The Mudcat Café TM
Thread #157370   Message #4131628
Posted By: Gibb Sahib
09-Jan-22 - 02:57 AM
Thread Name: Lyr Add: 'Shenandoah' in the U.S. army
Subject: RE: Lyr Add: 'Shenandoah' in the U.S. army
cnd, thank you very very very much for that! I'll look it over and report back if I think I have anything interesting to add.

You might remember a thread I started where I made a case for seeing "Shenandoah" as always metrical, and quite necessarily so, yet in a different meter than most people imagine it. Part of that "theory" is that the unexpected meter confused collectors, so many concluded it wasn't metrical.

Anyway, I was vague in my last message, partly out of laziness and partly because I'm working on writing a piece right now and I've sort of bored myself talking about it, ha. I apologize.
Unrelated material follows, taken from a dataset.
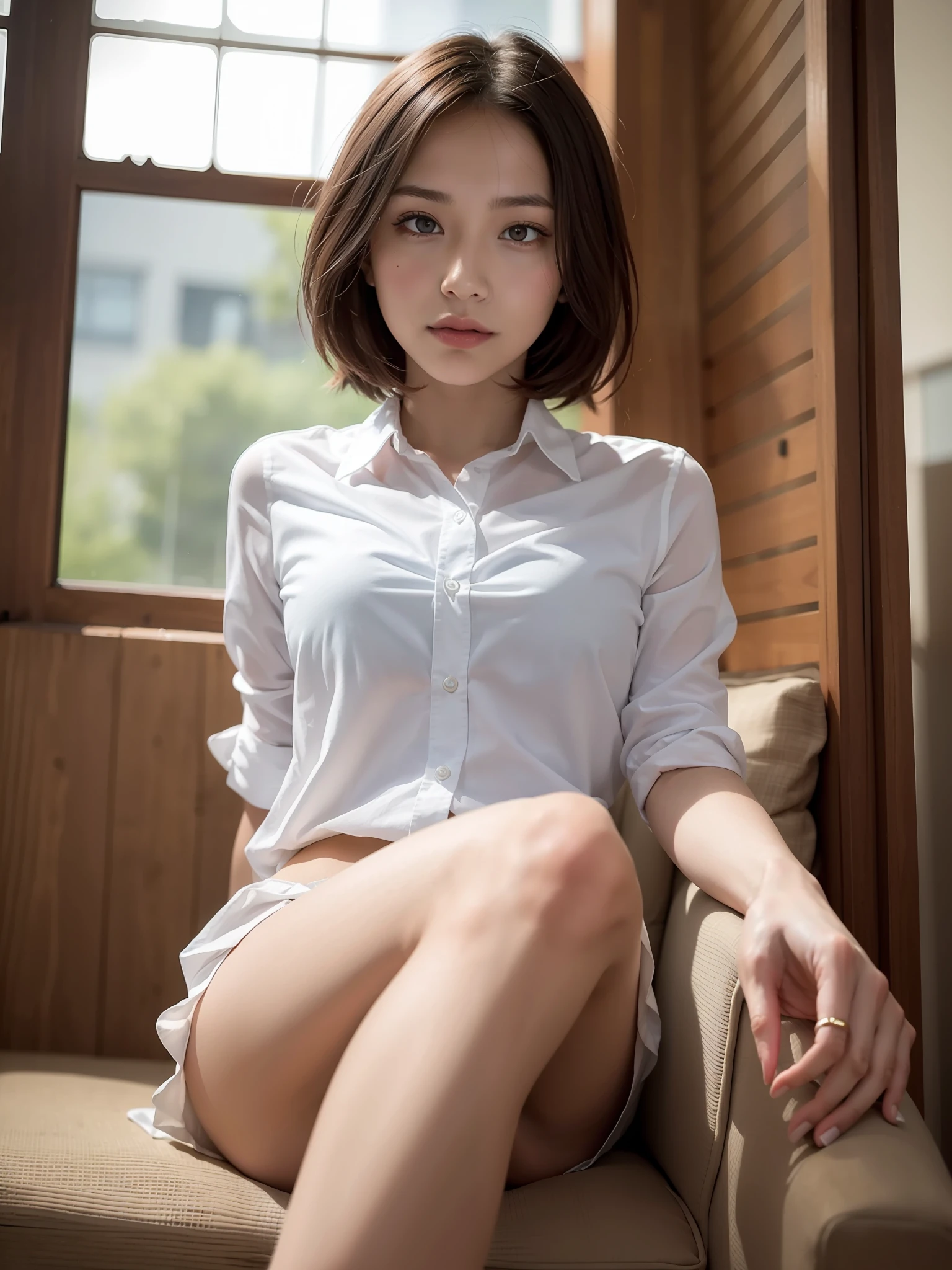 crossed leg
But to clarify: I was referring to a very specific difference in melody versions, in pitch (ignoring the meter issue). It's the difference in the two notes on the words "hear you" (as in "Shenandoah, I long to hear you"). According to my research, all documents of the tune (published, manuscript, field recordings) before 1920 are consistent in having a certain two notes at that point. Then, in 1920 (but more prominently in a 1921 publication), the chanty collector/editor comes out with a melody where those two notes are different. (I'm calling the former Version A and the latter version B.) Since Terry's published score was a rare case of an accessible, full text with full piano (and violin!) accompaniment, suitable for concert performances, concert singers in the 1920s and beyond took it as their guide. With time, this Version B became the presumed standard way to sing "Shenandoah" (even while continued fieldwork turned up sailors who remembered the ~original~ Version A).
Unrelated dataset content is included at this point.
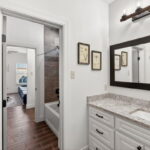 Jack & Jill bathroom separating Bedroom #1 and Bedroom #2.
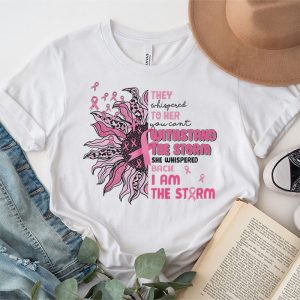 Im The Storm Warrior Pink Ribbon Women Breast Cancer T Shirt 7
So what I was getting at is that the Lomax collection, 1934, has the Version B notes. Either this was some mistep by Lomax, under the influence of thinking Version B was more correct (i.e. in the wake of the Terry phenomenon) OR it reflects the fact that Version B actual was around (as remembered by Spalding) before the Terry phenomenon. The latter, was certainly possible, is something I find rather incredible. There's just so much evidence (relatively speaking!) that Version A was the thing. So while it's out of order to accuse either Lomax or Spalding of playing hanky panky with the melody, to me that checks out as more likely.

I'm biased, but that being the case it inclines me to look even more suspiciously upon the "Tommy Tompkins" thing. In other words, I figure that if Spalding's text (or Lomax's mediation of it) was less than totally original, then the melody could be, too.

As to meter -- and this is an aside to my other discussion about meter -- seeing it in 4/4, as it appears in Lomax is rare (and thus also divergent from the bulk of evidence). Lomax simply putting it in 4/4 as a result of struggling with the meter would be par for the course with other collectors and thus pretty unremarkable. Yet if Spalding definitely gave a tune in 4/4, because that goes against what I believe to be the fact that the sailors' chanty was not in 4/4, it would be another way the hypothetical "cavalry version" is distinctive.

In sum, the preponderance of evidence, at least how I interpret it, is saying that the historical sailors' chanty was neither in 4/4 meter nor did it have the "Version B" melody figure. This makes the Lomax/Spalding example really problematic. Either these are errors/contrivances that make Lomax/Spalding unreliable, or, if we presume it to be reliable, it's an irksome exception that muddles the whole picture.